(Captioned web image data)
==============================
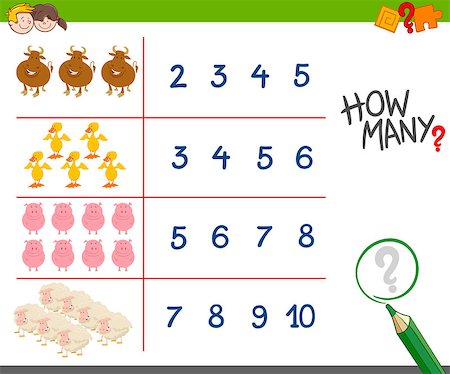 Cartoon Illustration of Educational Counting Game for Children with Cute Farm Animal Characters Photographie de stock - Aubaine LD & Abonnement, Code: 400-08967779
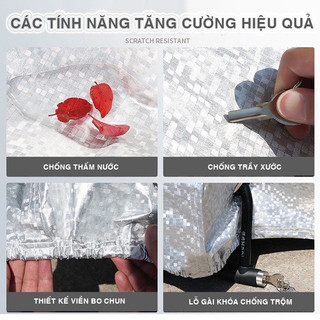 Bạt Trùm Xe Máy Chống Mưa Nắng, Áo Mưa Cho Xe Máy Có Tai Gương Siêu Dày Dặn Tiện Lợi 88414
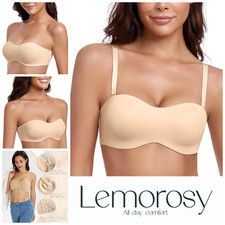 Lemorosy Bandeau Bra 38B Strapless Non Padded Underwired Multiway Convertible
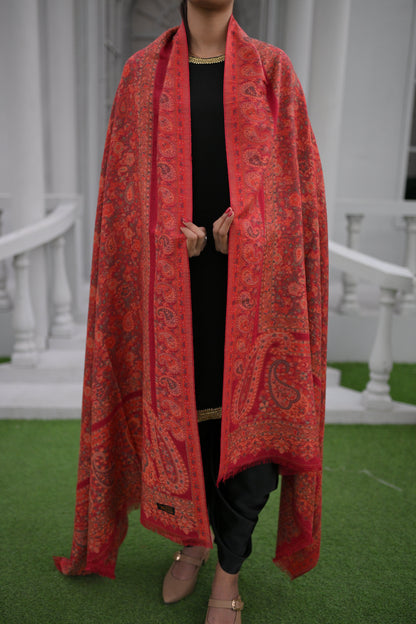 Kani shawl - Bright Red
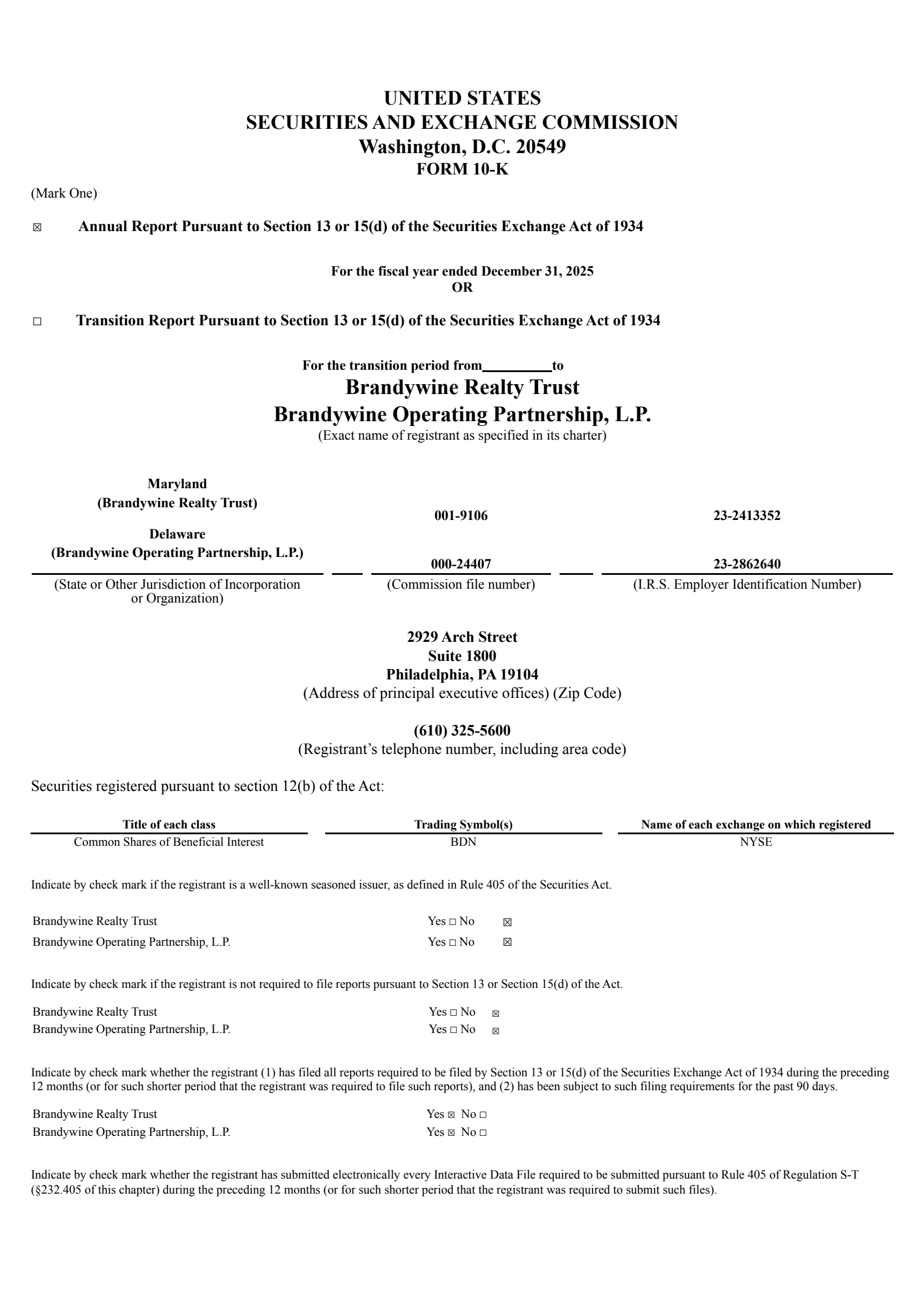 Brandywine Realty Trust's Q4 2025 Annual report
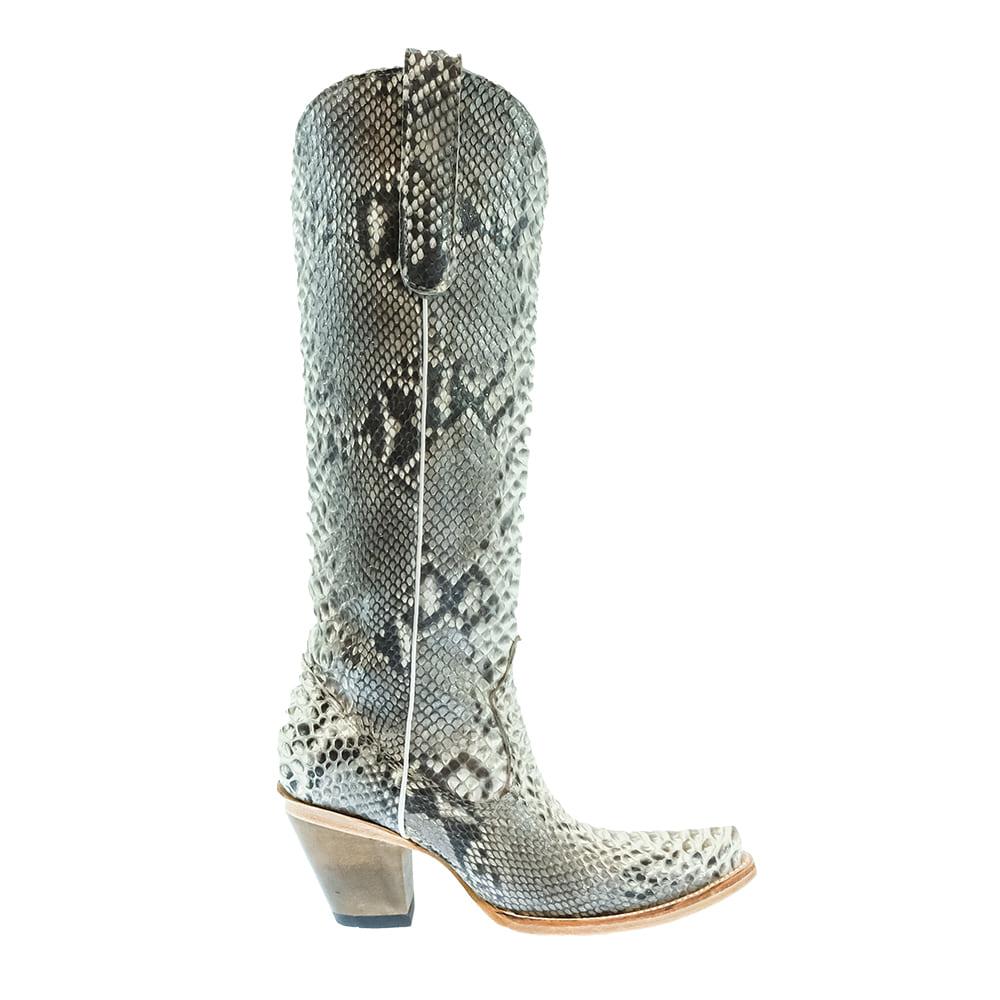 Corral Natural Python Glitter Finish Snip Toe Women's Boots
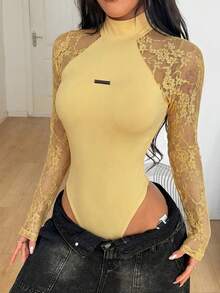 Coolane 女士春夏音乐节派对透气网纱弹力连体衣，情人节 - 淡黃色 - 查看 4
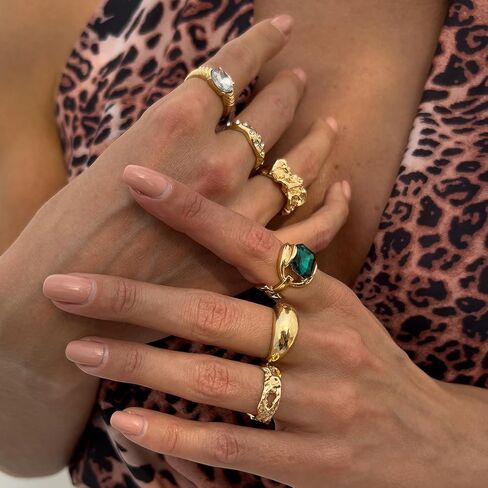 Chunky Gold Rings for Women Non Tarnish Travel Mothers Day Gifts Thick Adjustable Stackable Wedding Gold Plated Vintage Rings Set Size 8 Two Piece Sets Gifts for Women Going Out Rings in Kuwait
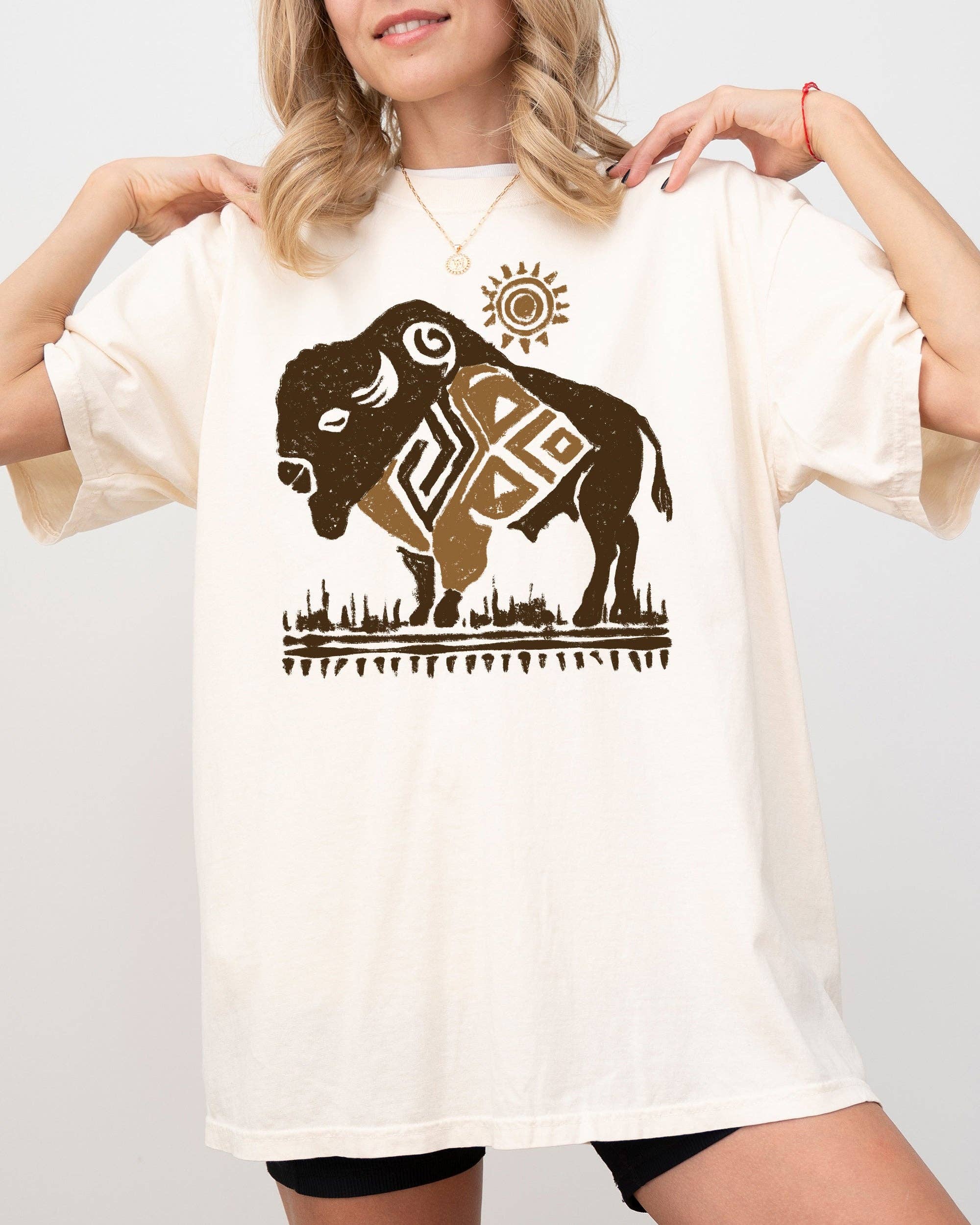 Bison, Western, Buffalo Sun Cowboy Nature Tribal Print Shirt Hoodie, Sweatshirt | PodTeesHub.com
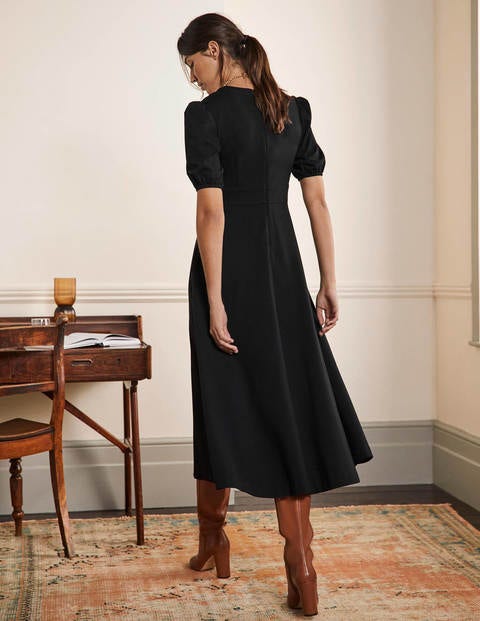 V-Neck Jersey Midi Dress - Black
==============================
EXERCISE DESCRIPTION – Skip the pictures, then return the rest of the data exactly.

RESPONSE FOR THIS EXERCISE –
 Cartoon Illustration of Educational Counting Game for Children with Cute Farm Animal Characters Photographie de stock - Aubaine LD & Abonnement, Code: 400-08967779
 Bạt Trùm Xe Máy Chống Mưa Nắng, Áo Mưa Cho Xe Máy Có Tai Gương Siêu Dày Dặn Tiện Lợi 88414
 Lemorosy Bandeau Bra 38B Strapless Non Padded Underwired Multiway Convertible
 Kani shawl - Bright Red
 Brandywine Realty Trust's Q4 2025 Annual report
 Corral Natural Python Glitter Finish Snip Toe Women's Boots
 Coolane 女士春夏音乐节派对透气网纱弹力连体衣，情人节 - 淡黃色 - 查看 4
 Chunky Gold Rings for Women Non Tarnish Travel Mothers Day Gifts Thick Adjustable Stackable Wedding Gold Plated Vintage Rings Set Size 8 Two Piece Sets Gifts for Women Going Out Rings in Kuwait
 Bison, Western, Buffalo Sun Cowboy Nature Tribal Print Shirt Hoodie, Sweatshirt | PodTeesHub.com
 V-Neck Jersey Midi Dress - Black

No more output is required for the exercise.